Возьмем какой-нибудь дом, какую-нибудь страну или регион. Все это – реальные среды актуализации, географические или социальные. Но дело выглядит так, словно они – целиком или частично – сообщаются с изначальными мирами изнутри себя. Изначальный мир может характеризоваться искусственностью обстановки (опереточное княжество, лес или болото в съемочном павильоне) в такой же степени, как и подлинностью заповедной зоны (настоящая пустыня, девственный лес). Изначальный мир можно узнать по его аморфному характеру: это чистый фон или, скорее, бездна, составленная из бесформенных видов материи, «эскизов» или кусков, для которых характерны динамическая энергия действия и неоформленные функции, не отсылающие даже к возникающим в нем субъектам. К обитателям такого мира относятся, например, животные, завсегдатай салонов, хищная птица, любовник, козел, бедняк, гиена. Им не свойственны форма или конкретный тип поведения; их поступки предваряют какую бы то ни было дифференциацию человека и животного. Это звери в человеческом облике. Собственно, импульсы являются не чем иным, как звериным началом: это энергия, помогающая овладевать кусками, которые разбросаны в изначальном мире. Импульсы и куски находятся в строжайшем соотношении между собой. Конечно, нельзя сказать, что импульсам недостает разума: им присущ даже какой-то дьявольский разум, благодаря которому каждый импульс забирает ему причитающееся, дожидается своего момента, откладывает на будущее собственный жест и «берет взаймы» зачаточную форму, помогающую ему с б о льшим успехом совершить нужный поступок. Тем не менее изначальный мир имеет законы, наделяющие его непротиворечивостью. Прежде всего это мир Эмпедокла, состоящий из набросков и кусков: голов без шей, глаз без лба, рук без плеч, жестов без формы. Но это также и множество, объединяющее все, не через организацию, а через конвергенцию всех своих частей в беспредельном поле нечистот или в болоте, а также соединяющее все импульсы в великом импульсе смерти. Стало быть, изначальный мир представляет собой сразу и радикальное начало, и абсолютный конец; и в итоге он связывает первое со вторым и вкладывает одно в другое сообразно закону наибольшей крупицы (наиболее крутого склона). Следовательно, это мир весьма специфического неистовства (которое в определенных отношениях является радикальным злом); но заслуга его в том, что он порождает изначальный образ времени, с началом, концом и склоном, – всю жестокость Кроноса.
Это натурализм. И он не противостоит реализму, но, напротив, подчеркивает его характерные черты, продлевая их особого рода сюрреализмом. Сущность натурализма в литературе определил Золя: это ему принадлежит идея дублирования реальных сред изначальными мирами. В каждой из своих книг он описывает точные координаты некоей среды, но также исчерпывает эту среду, возвращая ее изначальному миру: именно из этого «вышерасположенного» источника проистекает выразительность его реалистических описаний. Реальная и актуальная среда и есть среда из мира, определяемого радикальным началом, абсолютным концом и линией наиболее крутого склона.

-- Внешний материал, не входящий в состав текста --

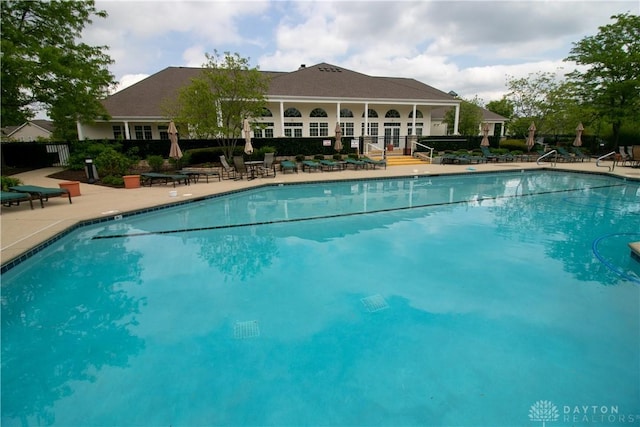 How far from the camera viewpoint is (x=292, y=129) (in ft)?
79.2

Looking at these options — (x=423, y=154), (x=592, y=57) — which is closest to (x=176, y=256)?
(x=423, y=154)

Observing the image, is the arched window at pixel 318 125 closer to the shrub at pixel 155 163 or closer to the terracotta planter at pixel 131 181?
the shrub at pixel 155 163

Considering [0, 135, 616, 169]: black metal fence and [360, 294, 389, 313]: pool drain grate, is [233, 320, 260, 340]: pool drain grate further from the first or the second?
[0, 135, 616, 169]: black metal fence

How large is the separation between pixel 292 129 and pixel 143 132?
10351 millimetres

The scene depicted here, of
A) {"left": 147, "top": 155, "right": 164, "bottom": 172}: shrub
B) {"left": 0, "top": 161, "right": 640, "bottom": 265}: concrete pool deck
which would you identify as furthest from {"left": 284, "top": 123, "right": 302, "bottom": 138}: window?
{"left": 147, "top": 155, "right": 164, "bottom": 172}: shrub

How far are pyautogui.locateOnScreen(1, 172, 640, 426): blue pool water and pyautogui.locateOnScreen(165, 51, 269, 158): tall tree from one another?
9105 millimetres

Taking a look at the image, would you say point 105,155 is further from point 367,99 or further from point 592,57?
point 592,57

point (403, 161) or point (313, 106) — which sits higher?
point (313, 106)

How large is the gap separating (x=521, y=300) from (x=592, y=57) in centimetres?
2795

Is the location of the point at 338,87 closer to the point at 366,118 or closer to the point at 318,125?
the point at 318,125

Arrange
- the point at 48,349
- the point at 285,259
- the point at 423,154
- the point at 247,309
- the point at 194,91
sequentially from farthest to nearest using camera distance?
the point at 423,154
the point at 194,91
the point at 285,259
the point at 247,309
the point at 48,349

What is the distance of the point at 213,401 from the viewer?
2857 mm

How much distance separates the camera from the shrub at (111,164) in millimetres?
13664

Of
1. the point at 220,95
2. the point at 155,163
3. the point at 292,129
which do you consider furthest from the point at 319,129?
the point at 155,163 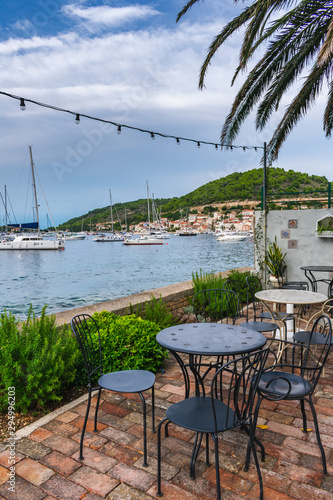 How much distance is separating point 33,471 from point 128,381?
2.37 ft

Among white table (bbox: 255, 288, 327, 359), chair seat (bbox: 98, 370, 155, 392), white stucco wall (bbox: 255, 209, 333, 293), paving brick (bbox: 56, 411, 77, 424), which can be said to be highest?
white stucco wall (bbox: 255, 209, 333, 293)

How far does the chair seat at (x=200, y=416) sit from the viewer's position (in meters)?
1.76

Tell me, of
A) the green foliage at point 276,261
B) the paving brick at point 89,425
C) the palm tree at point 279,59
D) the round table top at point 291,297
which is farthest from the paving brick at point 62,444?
the green foliage at point 276,261

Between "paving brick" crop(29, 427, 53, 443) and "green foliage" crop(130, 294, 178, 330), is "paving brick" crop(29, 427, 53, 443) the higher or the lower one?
the lower one

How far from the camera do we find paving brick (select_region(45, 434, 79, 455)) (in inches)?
86.9

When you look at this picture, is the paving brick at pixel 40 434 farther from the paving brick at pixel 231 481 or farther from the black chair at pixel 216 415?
the paving brick at pixel 231 481

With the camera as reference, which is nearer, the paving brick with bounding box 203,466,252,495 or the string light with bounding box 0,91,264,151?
the paving brick with bounding box 203,466,252,495

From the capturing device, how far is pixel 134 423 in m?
2.52

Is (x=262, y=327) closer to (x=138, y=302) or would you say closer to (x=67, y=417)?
(x=138, y=302)

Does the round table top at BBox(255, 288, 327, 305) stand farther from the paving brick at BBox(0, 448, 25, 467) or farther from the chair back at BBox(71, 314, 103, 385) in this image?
the paving brick at BBox(0, 448, 25, 467)

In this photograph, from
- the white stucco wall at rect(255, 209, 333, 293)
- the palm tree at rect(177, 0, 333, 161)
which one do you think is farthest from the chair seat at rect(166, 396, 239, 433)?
the white stucco wall at rect(255, 209, 333, 293)

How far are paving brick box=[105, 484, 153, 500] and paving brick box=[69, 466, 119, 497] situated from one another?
0.10ft

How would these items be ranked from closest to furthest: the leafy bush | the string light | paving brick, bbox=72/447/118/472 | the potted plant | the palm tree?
paving brick, bbox=72/447/118/472
the leafy bush
the string light
the palm tree
the potted plant

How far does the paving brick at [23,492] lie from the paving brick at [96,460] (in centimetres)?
30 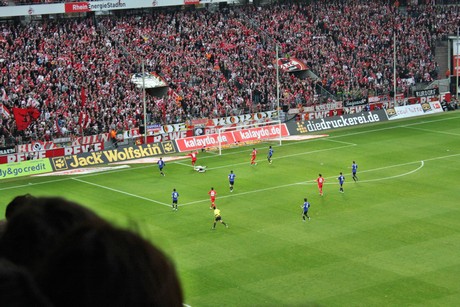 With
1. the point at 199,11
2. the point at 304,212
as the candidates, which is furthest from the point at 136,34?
the point at 304,212

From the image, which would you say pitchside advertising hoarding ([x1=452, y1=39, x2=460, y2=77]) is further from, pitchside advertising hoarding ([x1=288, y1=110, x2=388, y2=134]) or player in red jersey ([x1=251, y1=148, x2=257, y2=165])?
player in red jersey ([x1=251, y1=148, x2=257, y2=165])

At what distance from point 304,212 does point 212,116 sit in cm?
2507

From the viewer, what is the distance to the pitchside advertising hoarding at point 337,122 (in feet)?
205

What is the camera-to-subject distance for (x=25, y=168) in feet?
166

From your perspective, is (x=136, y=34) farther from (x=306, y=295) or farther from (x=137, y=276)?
(x=137, y=276)

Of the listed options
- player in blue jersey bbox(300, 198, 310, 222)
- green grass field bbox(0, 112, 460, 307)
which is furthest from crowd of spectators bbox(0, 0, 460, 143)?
player in blue jersey bbox(300, 198, 310, 222)

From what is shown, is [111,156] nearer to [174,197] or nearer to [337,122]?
[174,197]

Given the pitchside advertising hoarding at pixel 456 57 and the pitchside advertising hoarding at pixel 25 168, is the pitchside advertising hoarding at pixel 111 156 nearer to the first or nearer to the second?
the pitchside advertising hoarding at pixel 25 168

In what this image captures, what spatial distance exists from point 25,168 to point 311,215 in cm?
1908

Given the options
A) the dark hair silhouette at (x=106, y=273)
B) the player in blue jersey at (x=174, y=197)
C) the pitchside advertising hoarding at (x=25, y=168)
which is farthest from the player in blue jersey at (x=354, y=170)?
the dark hair silhouette at (x=106, y=273)

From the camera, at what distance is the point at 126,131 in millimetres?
57156

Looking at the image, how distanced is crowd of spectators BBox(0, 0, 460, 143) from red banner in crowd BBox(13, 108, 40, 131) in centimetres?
40

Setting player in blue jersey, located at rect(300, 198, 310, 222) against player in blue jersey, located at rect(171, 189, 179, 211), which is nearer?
player in blue jersey, located at rect(300, 198, 310, 222)

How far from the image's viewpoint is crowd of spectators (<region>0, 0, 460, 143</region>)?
59.0 m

Суть здесь вот в чем: реальную и актуальную среду невозможно отделить от изначального мира, их раздельного воплощения нет. Изначальный мир не существует независимо от исторической и географической среды, ибо это и есть его среда. Это среда, обладающая началом, концом и, главное, склоном. Вот почему импульсы извлекаются из реального поведения, развертывающегося в детерминированной среде страстей, чувств и переживаний, которые испытывают в этой среде реальные люди. А куски отрываются от предметов, на самом деле в этой среде формирующихся. Похоже, будто изначальные миры появляются лишь тогда, когда мы чересчур перегружаем, утолщаем и слишком далеко продлеваем невидимые линии, перекраивающие реальность и искажающие поведение и предметы. Действия преодолеваются по направлению к первозданным поступкам, из которых они не состояли; предметы – по направлению к кускам, из которых их невозможно воссоздать; люди – в сторону энергий, которые их не «организуют». И выходит, изначальный мир существует и действует лишь в основании некоей реальной среды, и имеет значение лишь благодаря своей имманентности по отношению к этой среде, чье неистовство и чью жестокость он изобличает, – но также и среда предстает как реальная лишь в собственной имманентности по отношению к изначальному миру, она имеет статус «производной» среды, получающей от изначального мира себе на долю временный характер. Необходимо, чтобы действия и способы поведения, люди и предметы занимали производную среду и в ней «развертывались», тогда как импульсы и куски населяли изначальный мир, влекущий за собой целое. Вот почему последователи натурализма заслуживают ницшеанского эпитета «врачей цивилизации». Они ставят цивилизации диагноз. Натуралистический образ, образ-импульс фактически обладает двумя типами знаков: симптомами, а также идолами либо фетишами. Симптомы обозначают присутствие импульсов в производном мире, а идолы или фетиши служат для отображения кусков. Это мир Каина и знаки Каина. Словом, натурализм отсылает сразу к четырем координатам: изначальному миру – производной среде и импульсам-видам поведения. Вообразите произведение, где производная среда и изначальный мир реально отличаются друг от друга и действительно друг от друга отделены: даже если между ними устанавливаются разного рода соответствия, натуралистичного произведения они не образуют [191] .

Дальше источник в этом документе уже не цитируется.